People think that it depends on the tone that use when you are talking to the client. This can be the case sometimes but you can still sound aggressive even if you use a peaceful tone. The phrasing of your words have a bigger effect and can help you become more assertive.  Here is an example, when asking about who is working on a certain project. There are two ways you could ask this question, “who in procurement is working on this project?”, or “You know what would be easier, why don’t I just talk to procurement directly, Who should I contact?” Both are acceptable ways of asking the client but one comes off better than the other.

The second way comes off much less aggressive and more polite than the first one. It sounds more empathetic and like you are meeting to the needs of the client instead of yourself. It sounds like you are putting them in power and in control instead of yourself. These small adjustments make a big difference when trying to sell to people especially because people can come off aggressive even when they are trying not to.

source: https://blog.hubspot.com/sales/assertive-not-aggressive-sales-strategies

3 thoughts on “how to be assertive but not aggressive”
  1. I agree. It is difficult to walk the fine line of assertive and aggressive. Sometimes salespeople can be pushy, aggressive, and downright snarky. These things never bode well for the sale as no one wants to be intimidated into buying something, and if they are, they are almost never happy with their purchase later and will have buyers remorse.

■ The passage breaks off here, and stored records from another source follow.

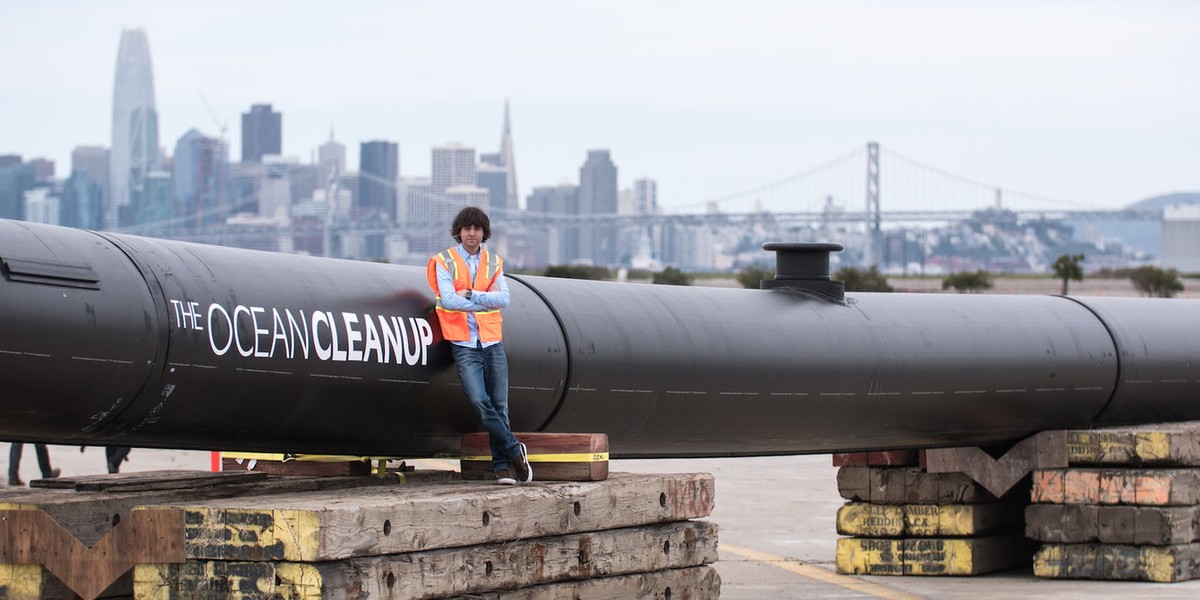 Boyan Slat i jego zespół mają nadzieję, że stworzone przez nich urządzenie oczyści ocean przynajmniej z tych największych odpadów, które unoszą się na powierzchni wody. Ramię urządzenia, które wypłynęło na Pacyfik, ma długość 610 m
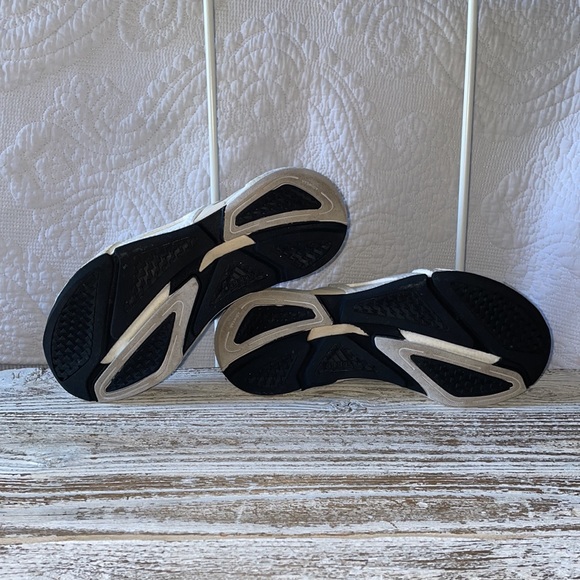 Adidas Shoes - Picture 5 of 7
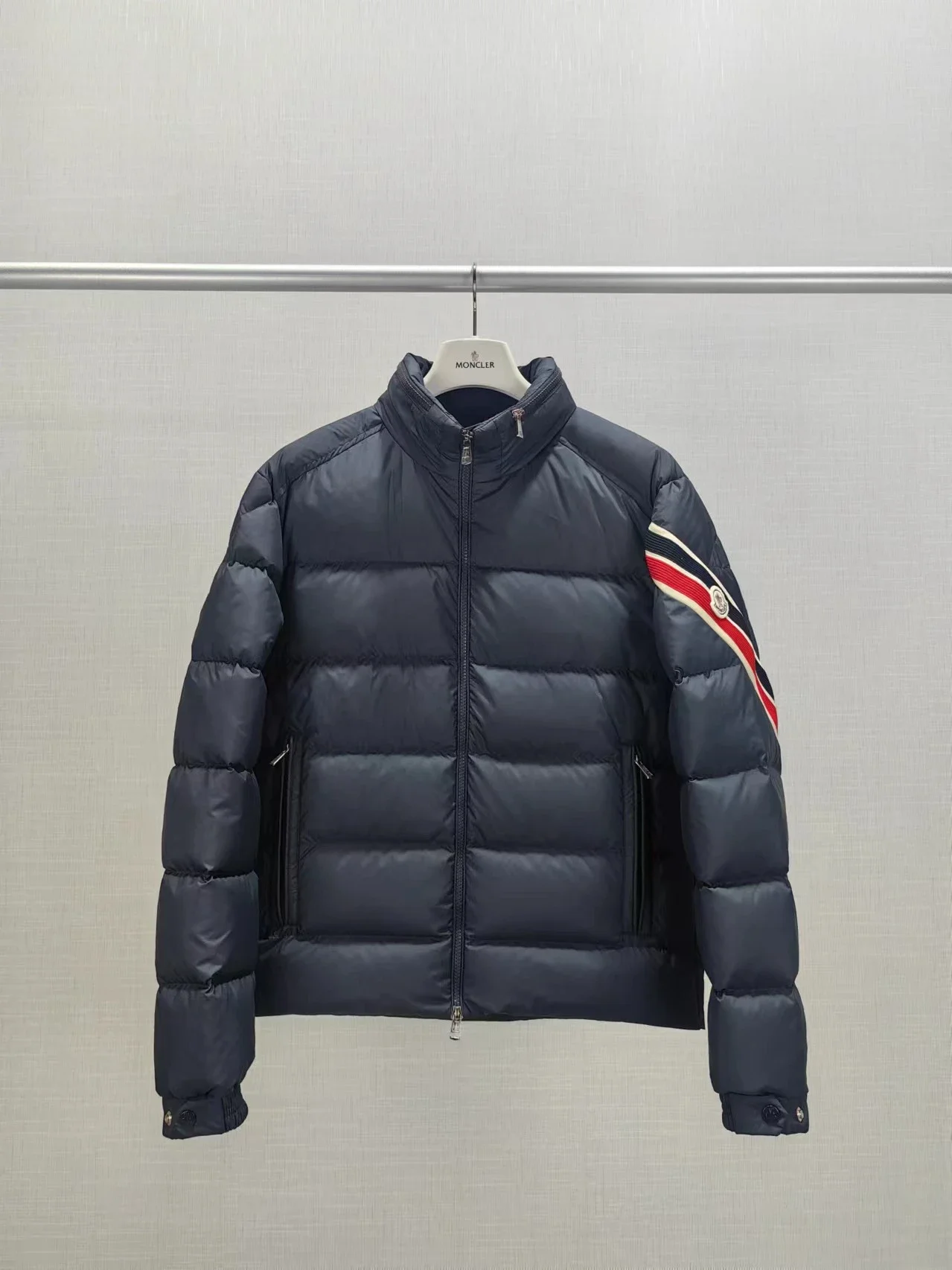 Moncler Solayan Chaqueta Corta Acolchada con Capucha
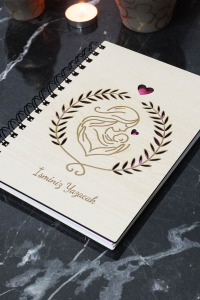 Kişiye Özel Anne Bebek Desenli Ahşap Kapaklı Defter - Ajanda - İsme Özel - A5 60 Yaprak (120 SAYFA) Hediyelik
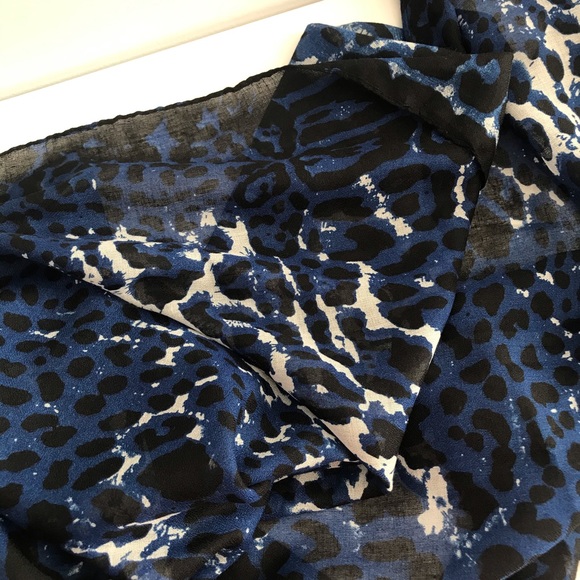 NWOT Blue Grey Animal Print Shawl Spring Scarf Head Wrap - Picture 9 of 15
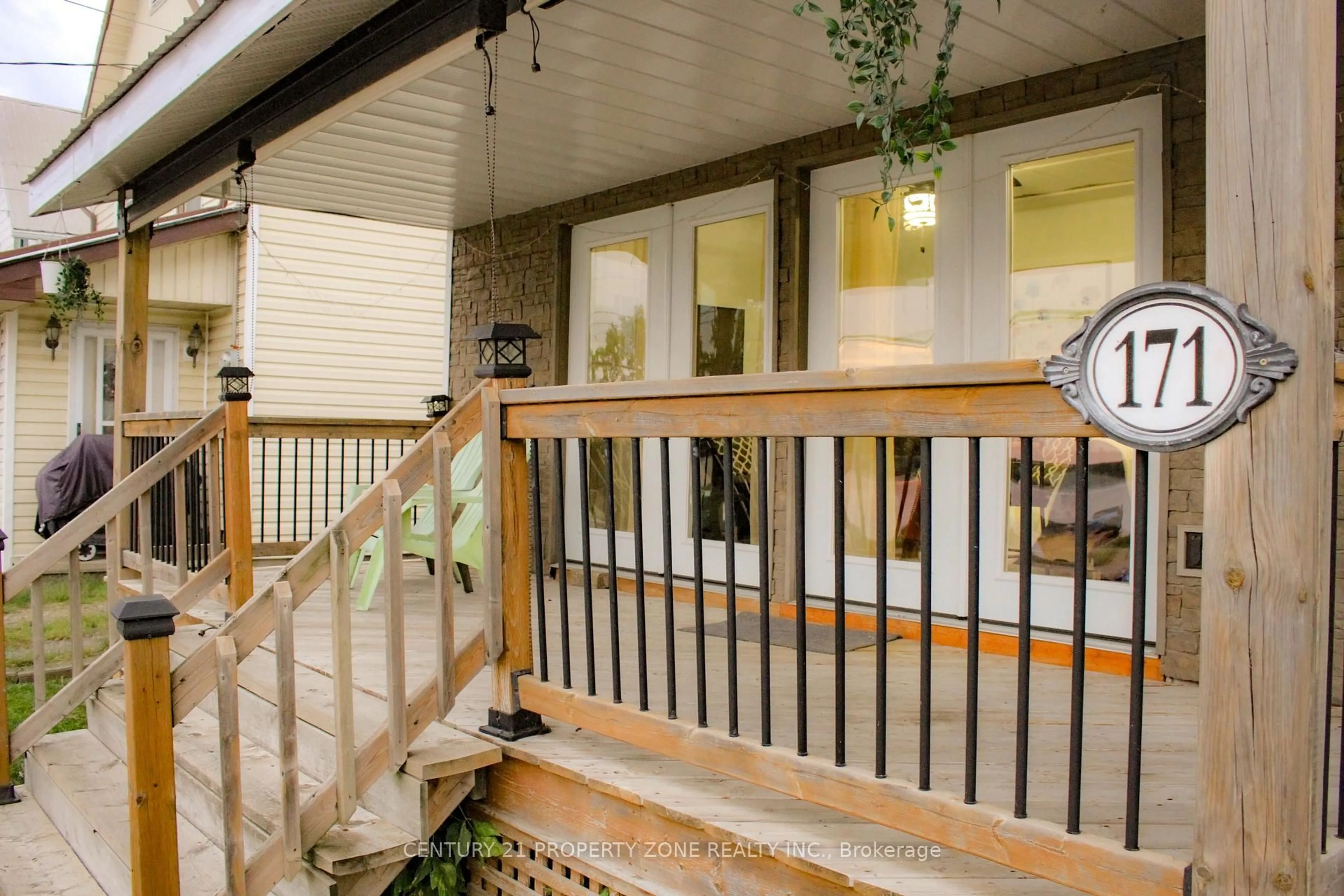 Patio, street for 171 Main St, Deseronto Ontario K0K 1X0
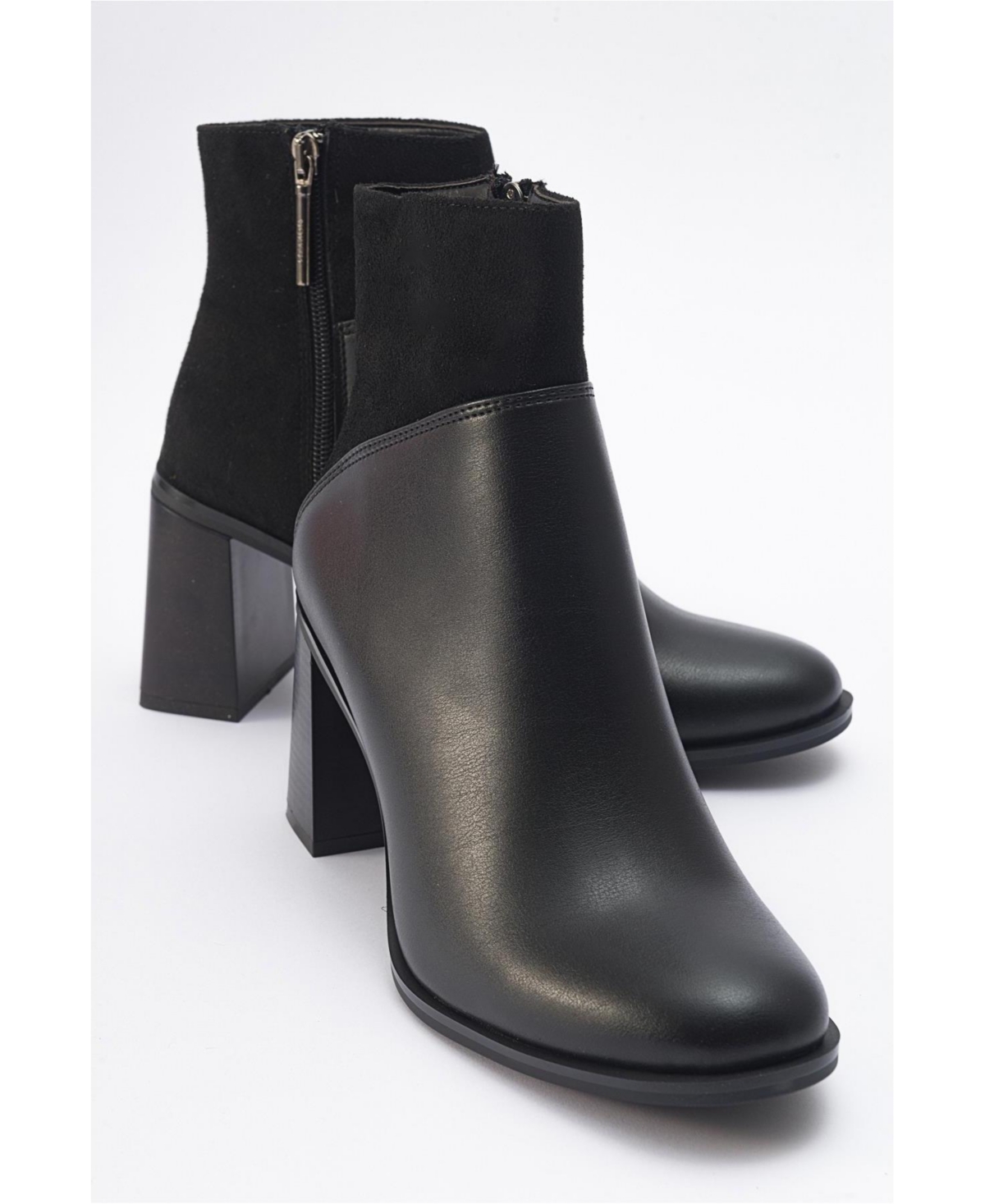 Prologue Shoes Ropa Block Heel Zip Boot (Women)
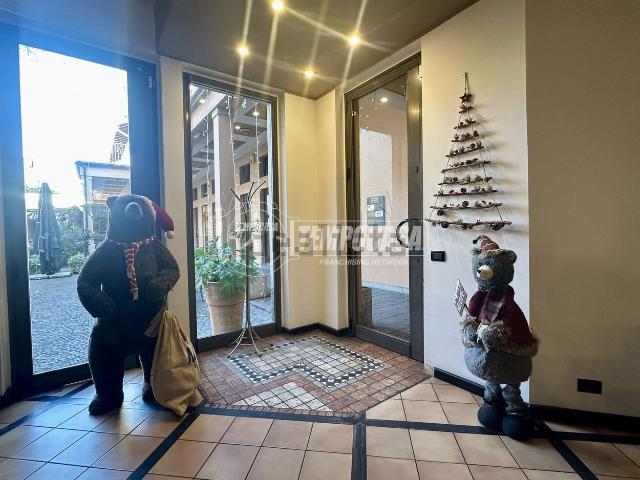 Locale Commerciale in vendita a Novate Brianza, Merate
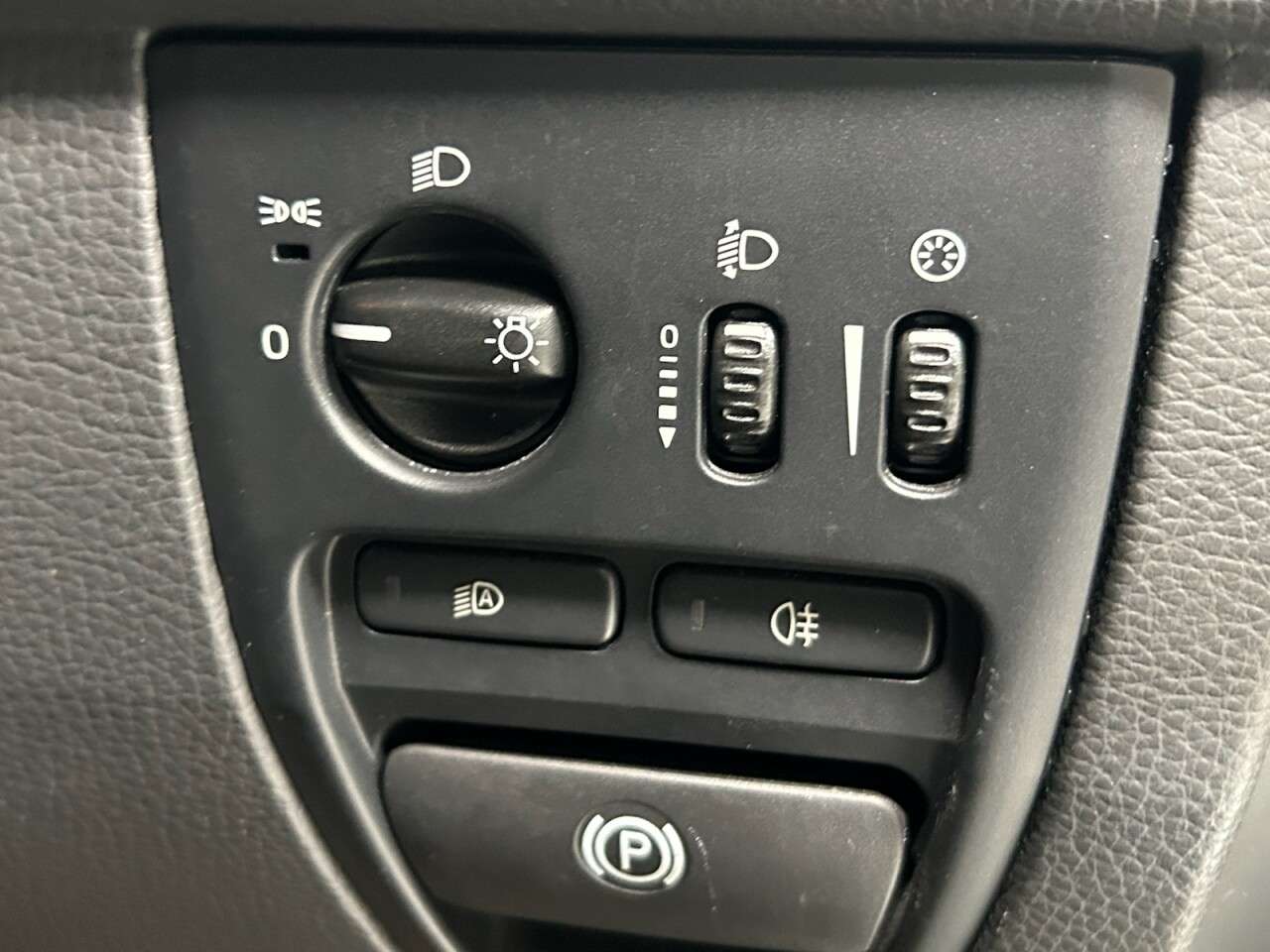 2014 VOLVO XC90 2014 VOLVO XC90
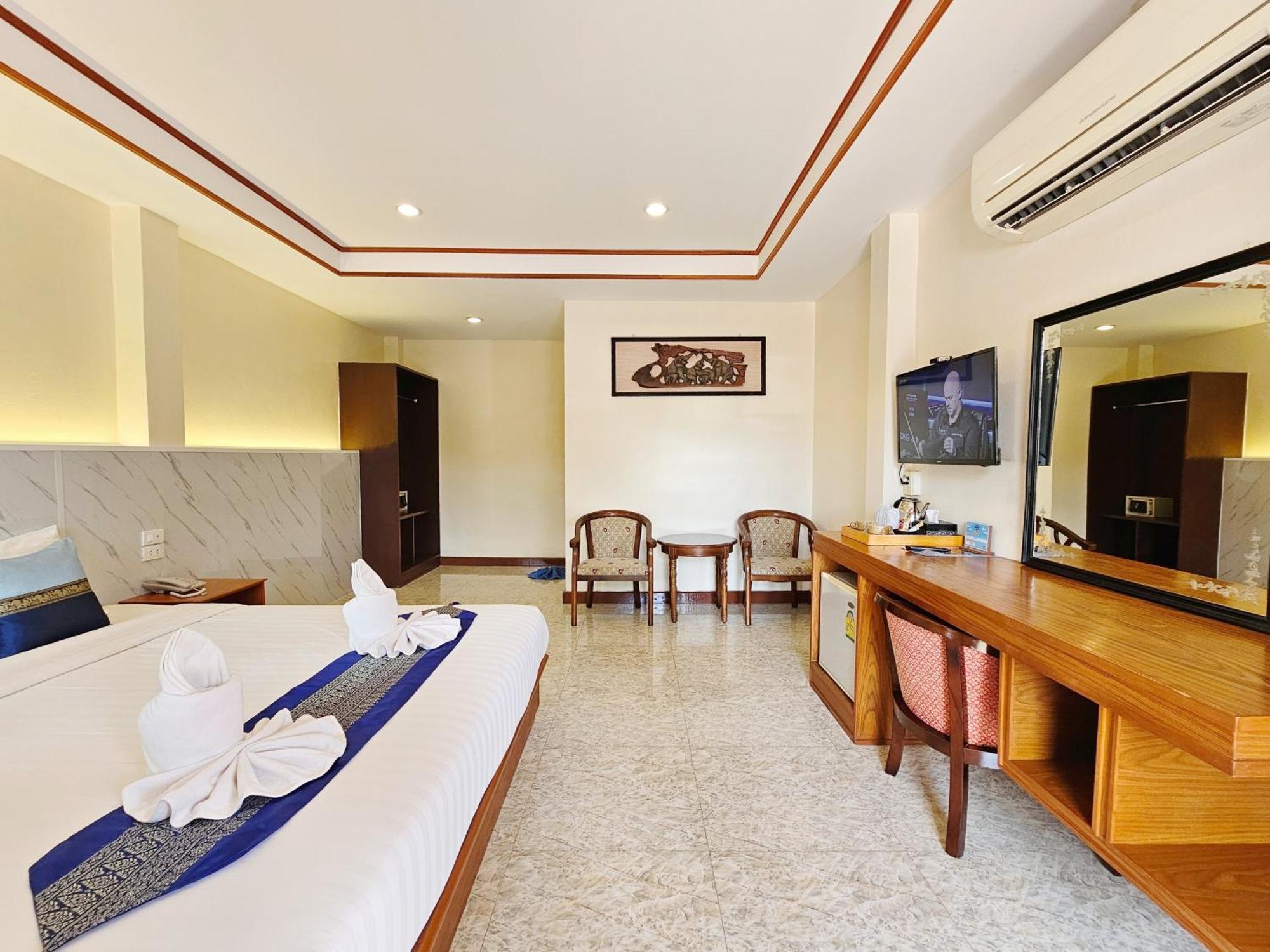 Phaithong Sotel Resort Chalong Dış mekan fotoğraf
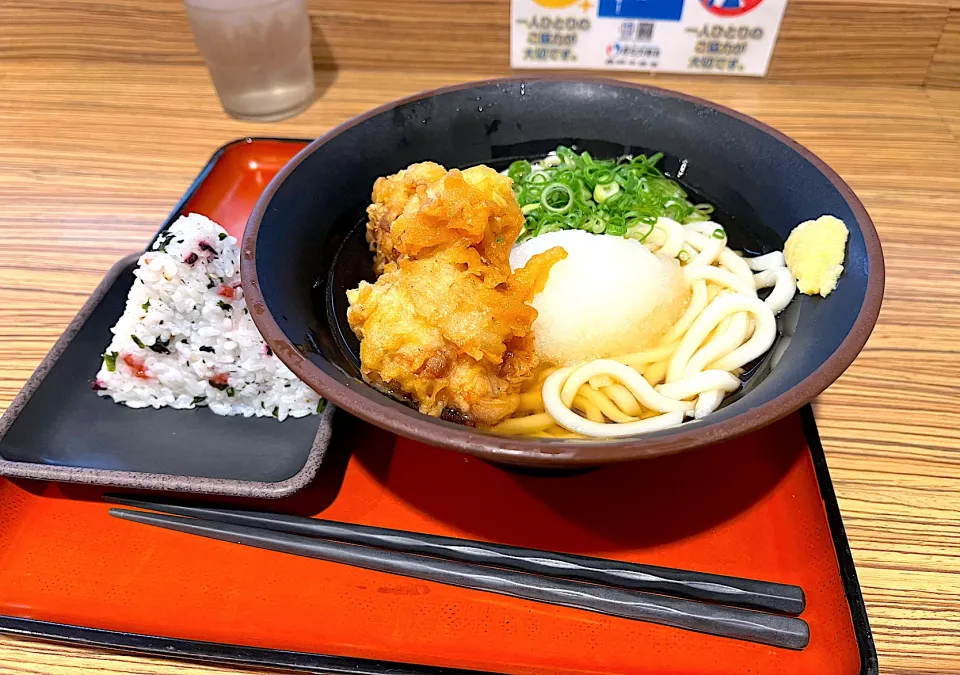 鳳駅で駅改札内うどん◥█̆̈◤࿉∥  とり天冷おろしうどん🥢👌👌👌|ナナさん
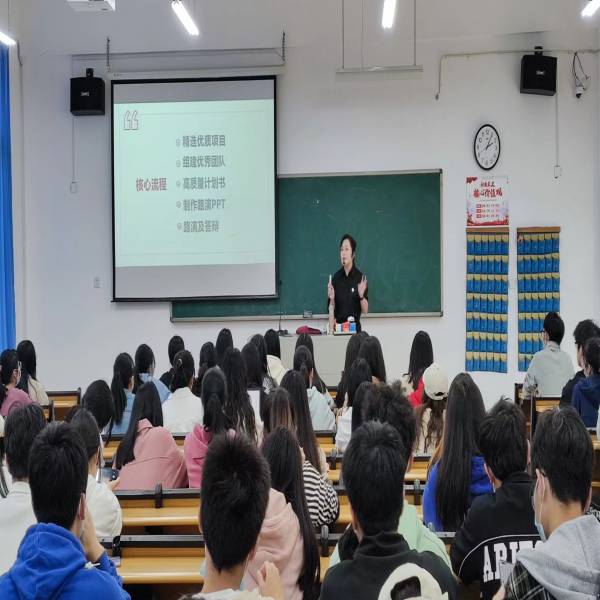 学校举办第八届“互联网+”大学生创新创业大赛专题培训讲座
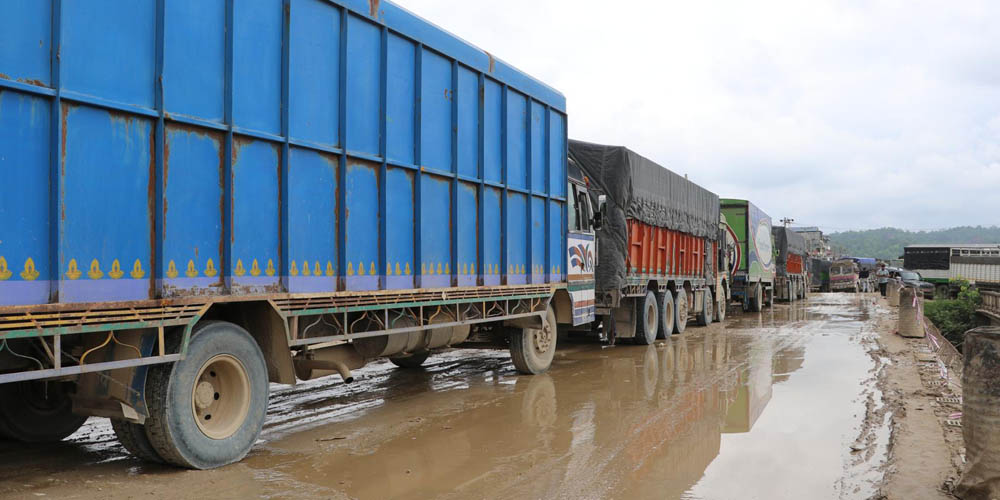 बुटवल–नारायणगढ दाउन्ने सडकः एक वर्षमै ६३ पटक बन्द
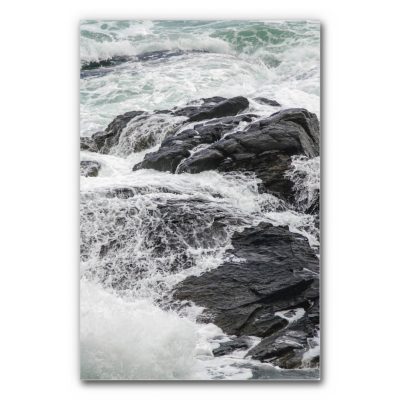 Schalldämmung-Bild Meer und Felsen mit kraftvollen Meereswellen, aufschäumender Gischt und dunklen Küstenfelsen, dynamisches Naturmotiv zur Raumakustik.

  2. Hi Dylan, you’ve brought up some good points in your post. When I think back to my experiences as both a customer and a seller, I can agree that there is a very fine line between assertiveness and aggressiveness. By “coming on too strong,” you could not only use a valuable customer but a potential friend. With that being said, it is important to be assertive, but assertiveness is never an adequate excuse for being rude.

  3. There is definitely a line between being assertive and aggressive. Even being assertive in some selling contexts can be harmful but not as harmful as being aggressive. Being aggressive with a prospect is a sure fire way to lose a sale and any future business because it will make them feel like you are trying to push them into buying something they do not necessarily want.